TASK GOAL -
Without adding anything, give again the lines from the one holding "New Mini USB" through the final line of the records, exactly, with both ends included and pictures dropped.

====== SUPPLIED DATA ======

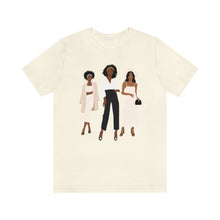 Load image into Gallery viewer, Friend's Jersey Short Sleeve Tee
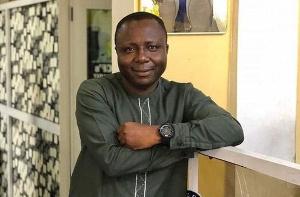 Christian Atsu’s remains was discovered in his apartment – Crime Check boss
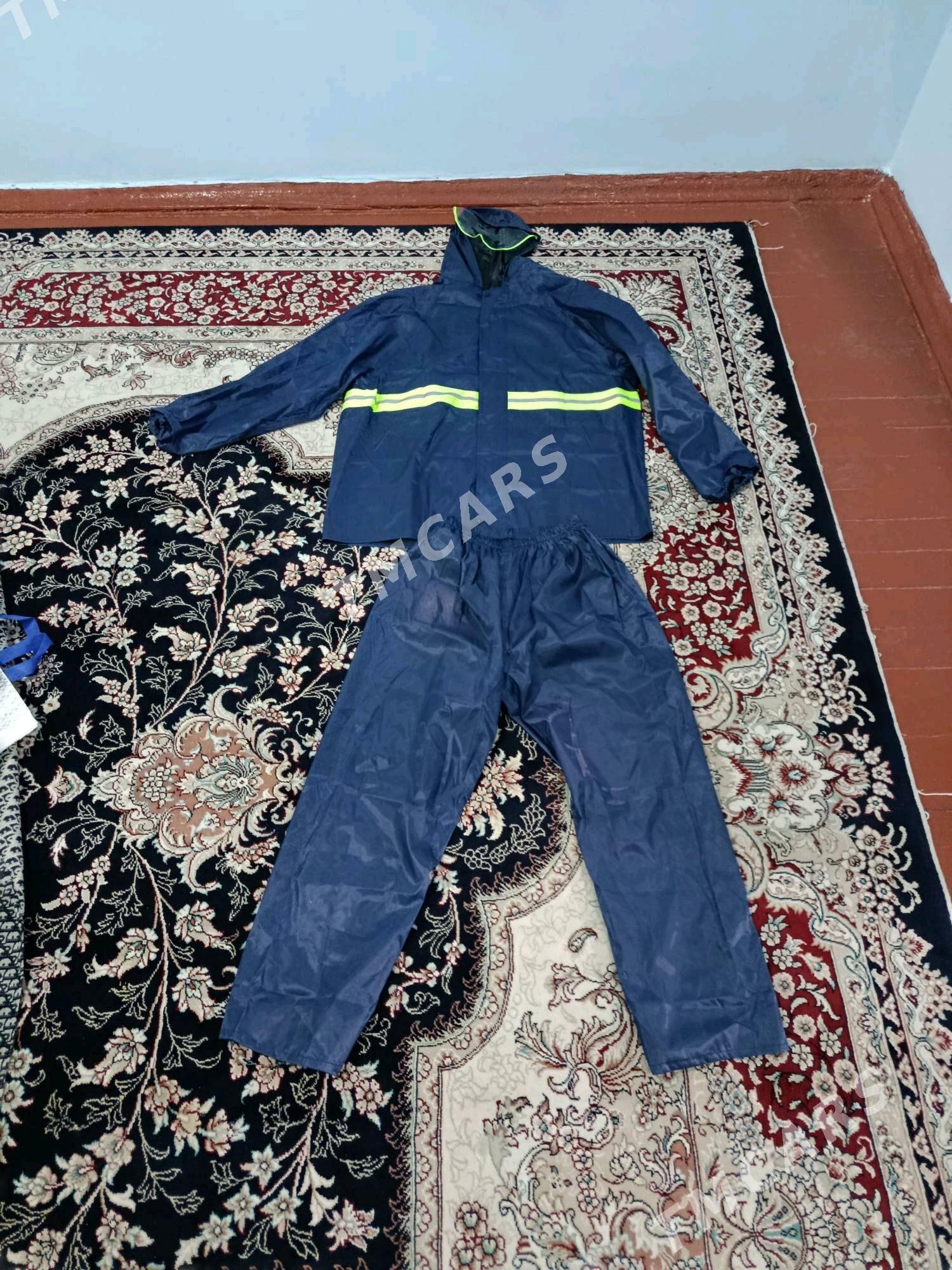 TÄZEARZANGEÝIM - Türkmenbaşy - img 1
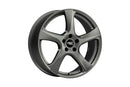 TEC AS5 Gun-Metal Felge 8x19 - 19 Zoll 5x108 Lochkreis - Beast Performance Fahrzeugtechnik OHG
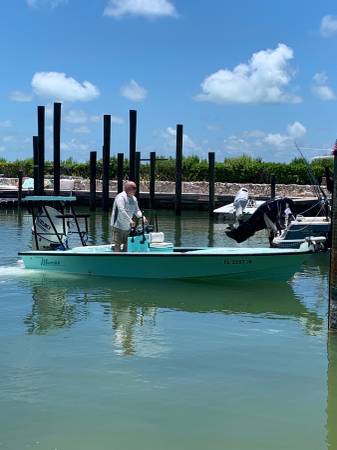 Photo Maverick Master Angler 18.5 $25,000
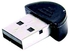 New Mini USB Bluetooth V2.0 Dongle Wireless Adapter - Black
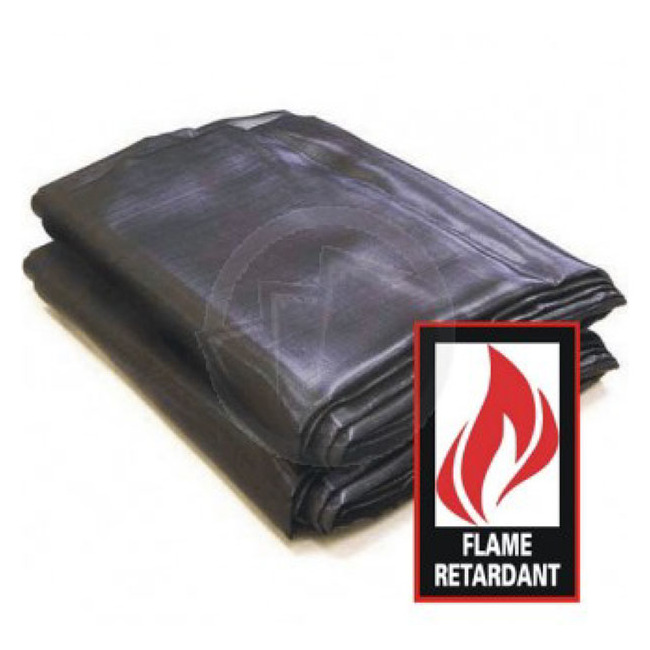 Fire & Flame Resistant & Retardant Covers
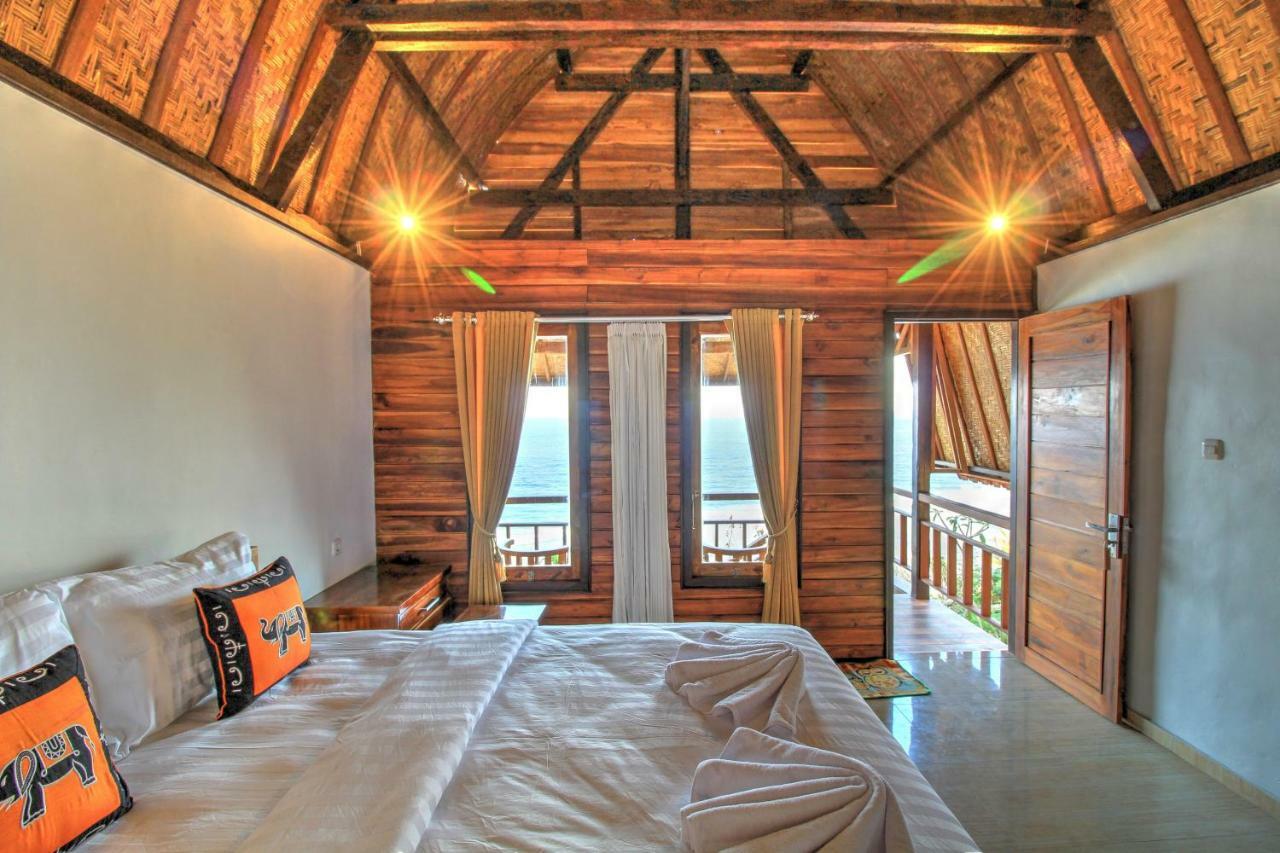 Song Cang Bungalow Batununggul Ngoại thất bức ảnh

======

COMPLETED EXERCISE -
 New Mini USB Bluetooth V2.0 Dongle Wireless Adapter - Black
 Fire & Flame Resistant & Retardant Covers
 Song Cang Bungalow Batununggul Ngoại thất bức ảnh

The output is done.